I really love it when Jesus tells a story and then goes on to explain it! Boy does that make my job easier! In this case, the parable of the weeds and wheat, He makes it quite clear what the story is all about – how it is entirely possible for evil to exist alongside good. He even says in another place: the rain falls on the just and the unjust. I mean, if you watch the news it just proves the point. Yet, even though Jesus helps us understand the parable, it often leads to further questions … to a more in depth interpretation of that which is being said. With that, a few things jump at me … First: the workers want to act hastily and pull up the weeds. Second: the landowner’s response to their haste.
Many of us have gardens and so we know what weeds do to plants … But these weeds are different. It is a type of weed called ‘darnel’. It was particularly dangerous because its roots would become intertwined with the roots of the good plants – in this case, with the wheat. So, if you pull it up, you were likely to pull up the wheat along with it … and lose a good chunk of your crop. This is how Jesus explains how evil can co-exist alongside good.
The fact that evil exists in our world and why boils down to people’s freedom – but that’s a topic for another homily… Here, the workers want to uproot the evil, fight it right away!
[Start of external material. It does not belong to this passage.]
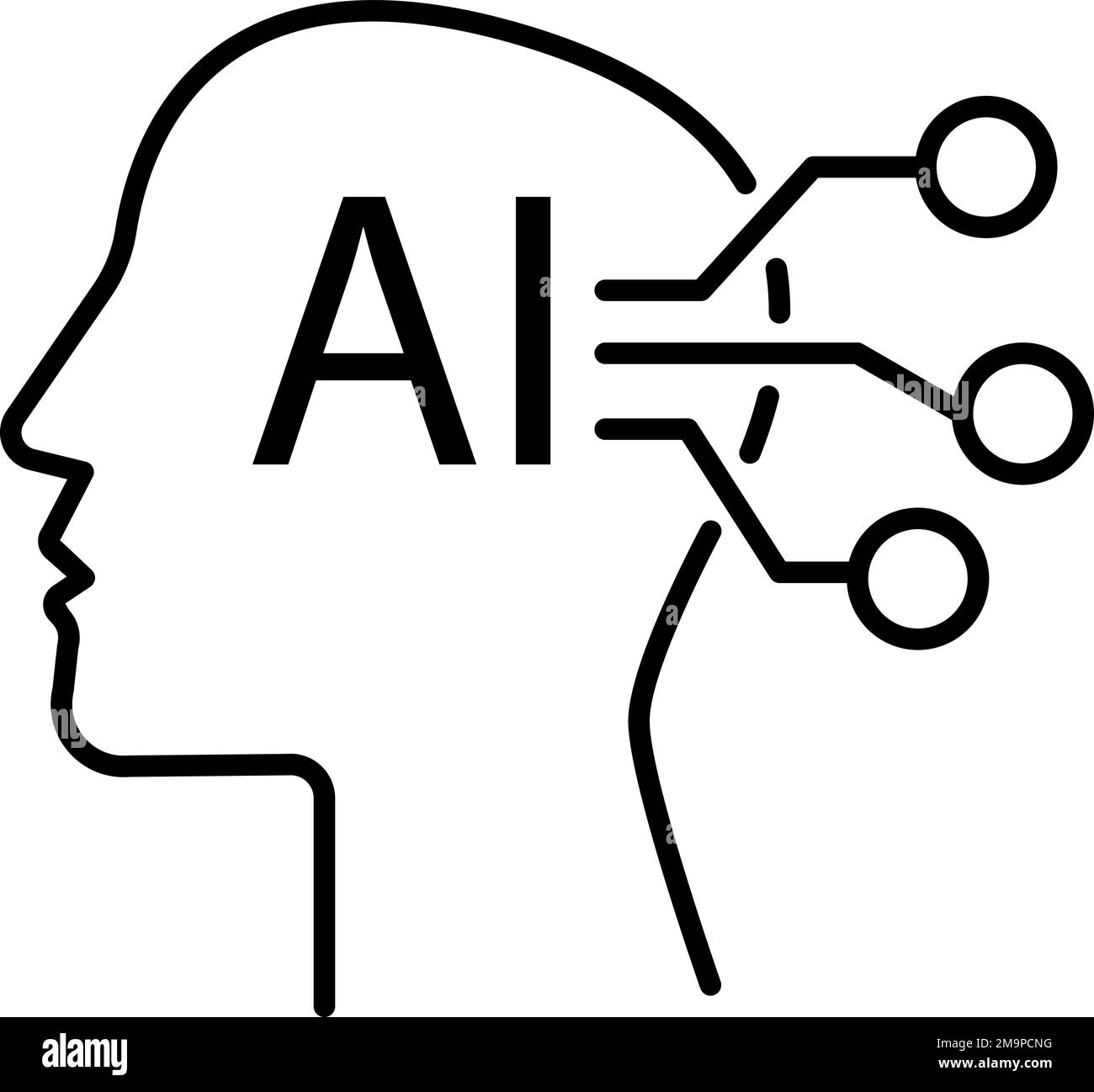 IA, intelligenza artificiale, icona del vettore su sfondo trasparente. Contorno ai, artificiale, intelligenza artificiale icona vettoriale Illustrazione Vettoriale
I’m always impressed with folks in our own country and across the globe who wish to do the same – in the face of some injustice, adversity, and wrongdoing many people seek to eradicate it and are not satisfied with a lack of results … but it is also a bit scary to see so many get behind fancy slogans and catchy rhetoric without really knowing what’s behind it. And we can see that many such movements are causing more harm than good, becoming more a source of division rather than healing … Could it be that they, like the workers in the gospel, were a bit too impatient? Could it be evil intermingling with good?
This is why the landowner’s response is striking… patience. It is lesson I think for us, as a people of faith as to how to respond appropriately in the face of evil, adversity, division, injustice and so on… with patience. In an address to catechists in December of 2000, Pope emeritus Benedict XVI warned us, against the temptation to impatience … we cannot insist on immediate success or large numbers – it isn’t God’s way. It takes time to form relationships, to understand truth – patience allows God to act with mercy… patience allows us to safeguard His word planted within our hearts and to be aware of the destructive forces of evil that seek to destroy it … patience allows us to be calm in the face of adversity, evil and injustice … patience allows us to act with love … to respect one another … to uphold human dignity … patience allows us to build a civilization of love – one that mirrors the patience and mercy of God. It is not accepting of evil but rather perseveres through it … it is not hasty but endures, with love, in an effort to become a witness for unity, healing, peace and mercy … patience is, therefore the proper response because it is an act of mercy and mercy is proper to God.